● **What you have to do**: Only the lines from the one containing "Appartement - 72 m² - 3 pièces" through the end of the material should be printed, exactly as they appear. Leave out pictures.

═════ Material provided

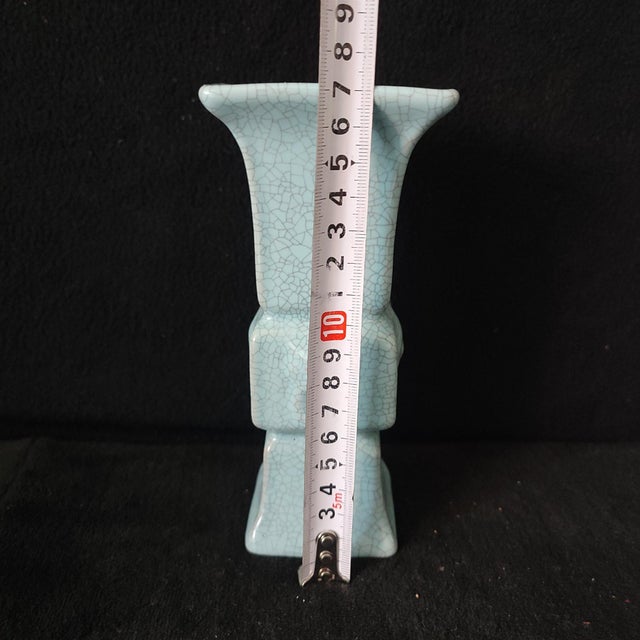 Chinese Ceramic Vase,Guan Ware Crackle Glaze Celadon Porcelain Square Huagu Vase For Sale - Image 9 of 10
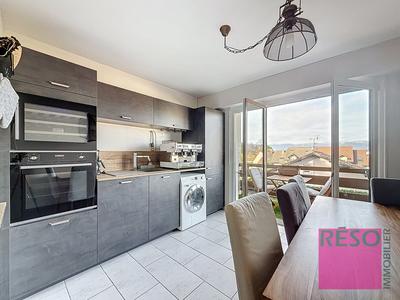 Appartement - 72 m² - 3 pièces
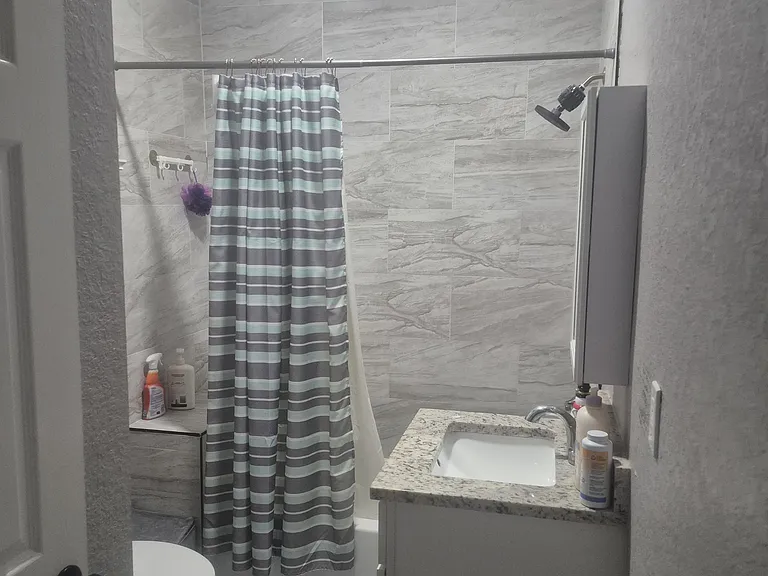 507 E Virginia Ave #1 — Photo 15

══════════

● **Task answer**:
 Appartement - 72 m² - 3 pièces
 507 E Virginia Ave #1 — Photo 15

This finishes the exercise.